◆ **What the task asks**
Each entry should be quoted word for word, including every mark of punctuation.

◆ **Information shown**

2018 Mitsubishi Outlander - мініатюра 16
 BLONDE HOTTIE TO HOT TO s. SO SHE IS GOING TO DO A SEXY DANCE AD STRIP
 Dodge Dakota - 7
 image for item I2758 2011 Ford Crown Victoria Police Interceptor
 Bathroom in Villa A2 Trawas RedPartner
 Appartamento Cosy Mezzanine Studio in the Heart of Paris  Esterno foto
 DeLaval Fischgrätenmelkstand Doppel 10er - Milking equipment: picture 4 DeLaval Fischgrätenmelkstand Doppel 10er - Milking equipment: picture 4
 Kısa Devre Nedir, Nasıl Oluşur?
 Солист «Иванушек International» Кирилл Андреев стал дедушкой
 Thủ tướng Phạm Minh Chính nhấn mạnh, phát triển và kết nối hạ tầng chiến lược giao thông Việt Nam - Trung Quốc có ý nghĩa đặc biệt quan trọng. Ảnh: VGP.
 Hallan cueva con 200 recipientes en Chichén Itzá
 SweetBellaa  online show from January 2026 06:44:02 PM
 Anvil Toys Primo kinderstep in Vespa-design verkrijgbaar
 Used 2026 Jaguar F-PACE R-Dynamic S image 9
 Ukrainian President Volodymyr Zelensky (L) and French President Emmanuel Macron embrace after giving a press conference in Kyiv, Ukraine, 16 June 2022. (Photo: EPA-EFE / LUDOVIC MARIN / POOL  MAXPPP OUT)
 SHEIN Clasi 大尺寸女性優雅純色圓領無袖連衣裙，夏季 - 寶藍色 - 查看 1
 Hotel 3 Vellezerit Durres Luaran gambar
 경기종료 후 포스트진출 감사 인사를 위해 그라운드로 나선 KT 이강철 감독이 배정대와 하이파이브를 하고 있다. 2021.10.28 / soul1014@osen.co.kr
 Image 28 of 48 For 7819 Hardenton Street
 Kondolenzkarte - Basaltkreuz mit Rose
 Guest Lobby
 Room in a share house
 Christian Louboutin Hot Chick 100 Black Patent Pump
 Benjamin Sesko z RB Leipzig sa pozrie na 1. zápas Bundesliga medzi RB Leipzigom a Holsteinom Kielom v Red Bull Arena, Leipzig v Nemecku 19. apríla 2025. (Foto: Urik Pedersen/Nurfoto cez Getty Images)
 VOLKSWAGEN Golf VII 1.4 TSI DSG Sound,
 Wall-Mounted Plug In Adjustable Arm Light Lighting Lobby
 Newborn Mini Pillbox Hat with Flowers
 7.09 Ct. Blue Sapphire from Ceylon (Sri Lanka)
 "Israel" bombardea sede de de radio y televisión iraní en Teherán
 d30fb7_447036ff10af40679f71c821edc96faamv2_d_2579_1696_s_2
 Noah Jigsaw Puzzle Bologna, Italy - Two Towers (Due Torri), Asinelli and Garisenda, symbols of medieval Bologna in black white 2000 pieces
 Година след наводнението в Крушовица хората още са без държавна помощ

◆ **Reply to the task**
2018 Mitsubishi Outlander - мініатюра 16
 BLONDE HOTTIE TO HOT TO s. SO SHE IS GOING TO DO A SEXY DANCE AD STRIP
 Dodge Dakota - 7
 image for item I2758 2011 Ford Crown Victoria Police Interceptor
 Bathroom in Villa A2 Trawas RedPartner
 Appartamento Cosy Mezzanine Studio in the Heart of Paris  Esterno foto
 DeLaval Fischgrätenmelkstand Doppel 10er - Milking equipment: picture 4 DeLaval Fischgrätenmelkstand Doppel 10er - Milking equipment: picture 4
 Kısa Devre Nedir, Nasıl Oluşur?
 Солист «Иванушек International» Кирилл Андреев стал дедушкой
 Thủ tướng Phạm Minh Chính nhấn mạnh, phát triển và kết nối hạ tầng chiến lược giao thông Việt Nam - Trung Quốc có ý nghĩa đặc biệt quan trọng. Ảnh: VGP.
 Hallan cueva con 200 recipientes en Chichén Itzá
 SweetBellaa  online show from January 2026 06:44:02 PM
 Anvil Toys Primo kinderstep in Vespa-design verkrijgbaar
 Used 2026 Jaguar F-PACE R-Dynamic S image 9
 Ukrainian President Volodymyr Zelensky (L) and French President Emmanuel Macron embrace after giving a press conference in Kyiv, Ukraine, 16 June 2022. (Photo: EPA-EFE / LUDOVIC MARIN / POOL  MAXPPP OUT)
 SHEIN Clasi 大尺寸女性優雅純色圓領無袖連衣裙，夏季 - 寶藍色 - 查看 1
 Hotel 3 Vellezerit Durres Luaran gambar
 경기종료 후 포스트진출 감사 인사를 위해 그라운드로 나선 KT 이강철 감독이 배정대와 하이파이브를 하고 있다. 2021.10.28 / soul1014@osen.co.kr
 Image 28 of 48 For 7819 Hardenton Street
 Kondolenzkarte - Basaltkreuz mit Rose
 Guest Lobby
 Room in a share house
 Christian Louboutin Hot Chick 100 Black Patent Pump
 Benjamin Sesko z RB Leipzig sa pozrie na 1. zápas Bundesliga medzi RB Leipzigom a Holsteinom Kielom v Red Bull Arena, Leipzig v Nemecku 19. apríla 2025. (Foto: Urik Pedersen/Nurfoto cez Getty Images)
 VOLKSWAGEN Golf VII 1.4 TSI DSG Sound,
 Wall-Mounted Plug In Adjustable Arm Light Lighting Lobby
 Newborn Mini Pillbox Hat with Flowers
 7.09 Ct. Blue Sapphire from Ceylon (Sri Lanka)
 "Israel" bombardea sede de de radio y televisión iraní en Teherán
 d30fb7_447036ff10af40679f71c821edc96faamv2_d_2579_1696_s_2
 Noah Jigsaw Puzzle Bologna, Italy - Two Towers (Due Torri), Asinelli and Garisenda, symbols of medieval Bologna in black white 2000 pieces
 Година след наводнението в Крушовица хората още са без държавна помощ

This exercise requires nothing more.